Versa: Pattern Matching (article)

My Versa article (Versa: Path-Based RDF Query Language) is up but I've recently been tinkering with Emeka and haven't been able to post about it. I wanted Emeka functional so people could familiarize themselves with the language by example instead of specification deciphering. Simple saying ".help" in a channel where he is located (#swig,#swhack,#4suite,#foaf) should be sufficient. Please, if his commands interfere with an existing bot's, please let me know.

The article is based (in part) on an earlier paper I wrote on Versa. I reworked it to focus more on the use patterns in common with other existing query languages (SPARQL primarily) to make the point that RDF querying is truely not in it's infancy any more. I also wanted to use it as a spring board to suggest some possible enhancements to an already (IMHO) expressive syntax (mostly burrowed from N3)

My hope is to spark some conversation across the opposing ends as well as get people familiar with the language for the betterment of RDF and RDF querying.
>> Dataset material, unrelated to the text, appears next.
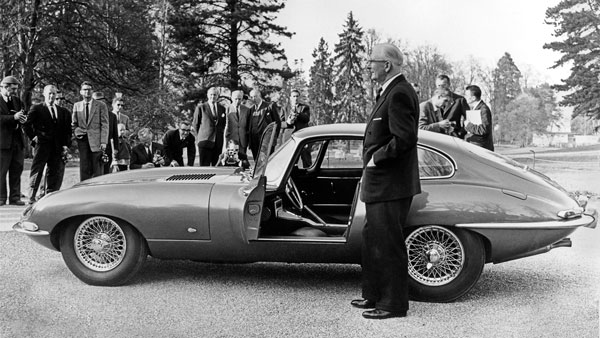 Jaguar E-Type Anniversary Edition: जगुआर ई-टाइप एनिवर्सरी एडिशन का हुआ खुलासा, जानें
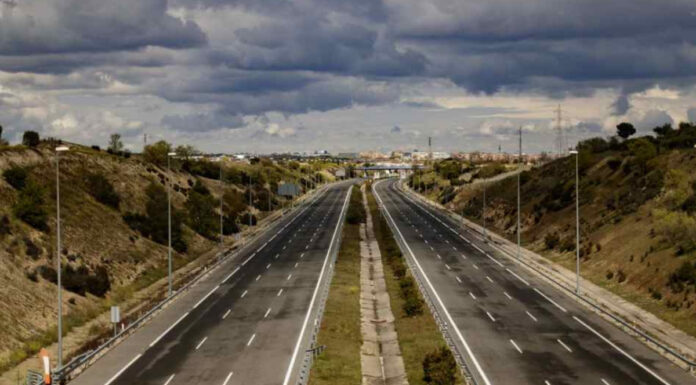 Posible reubicación de las pantallas acústicas del Parque Coimbra en la A-5 tras las solicitudes de los vecinos y el Ayuntamiento de Móstoles Posible reubicación de las pantallas acústicas del Parque Coimbra en la A-5 tras las solicitudes de los vecinos y el Ayuntamiento de Móstoles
See an exchange between Dave Beckett and myself on the #swig scratchpad.

[Uche Ogbuji]

via Copia

RDF IRC Agent - Emeka

I've recently been working on an IRC bot (based on Sean Palmer's phenny) called Emeka which is meant as a tool for demonstrating Versa and other related RDF facilities. Currently, it supports two functions:

  • .query <abritrary URI> " .. Versa Query .. "
  • .query-deep <arbitrary URI> steps " .. Versa Query .. "

The first, causes Emeka to parse the RDF document (associated with the given URI) as RDF/XML and then as N3 (if the first attempt fails). He then evaluates the submitted Versa Query against the Graph and responds with a result. The second function does the same with the exception that it recursively loads RDF graphs (following rdfs:seeAlso statements) N times, where N is the second argument. This is useful for extracting FOAF communities from a starting document (which was my original motivation for this).

By default Emeka has the following namespace prefixes bound:

daml,rdf,rdfs,owl,xsd,log (n3's log), dc,rss,foaf

Emeka is a work in progress and is currently idling in #swhack and #4suite (as we speak and #foaf,#swig eventually). Some ideas for other services available from this bot:

  • augmenting it's default namespace mapping
  • stored queries (for example: query for retrieving the latest rss:item in a feed)
  • Rule invokation (through FuXi's prospective-query function)
  • Interactive question and example demonstration of Versa function(s)
  • More sophisticated interaction with Del.icio.us RSS feeds (for web page cataloging)

Other suggestions are welcome

see #swhack logs for an example

Chimezie Ogbuji

via Copia

FuXi: FOAFed and DOAPed

I just upgraded and repackaged FuXi (v0.7): added some extra prints in the Versa extension function, added a 'test' directory to the source tree with an appropriate example of how FuXi could be used to make a prospective query against OWL rules and a source graph, created a DOAP instance for FuXi, a FOAF instance for myself, created a permanent home for FuXi, and added FuXi to the SemanticWebDOAPBulletinBoard WiKi. This was primarily motivated by Libby's post on Semantic Web Applications and Demos. I thought it would be perfect forum for FuXi. I probably need to move it into a CVS repository when I can find time.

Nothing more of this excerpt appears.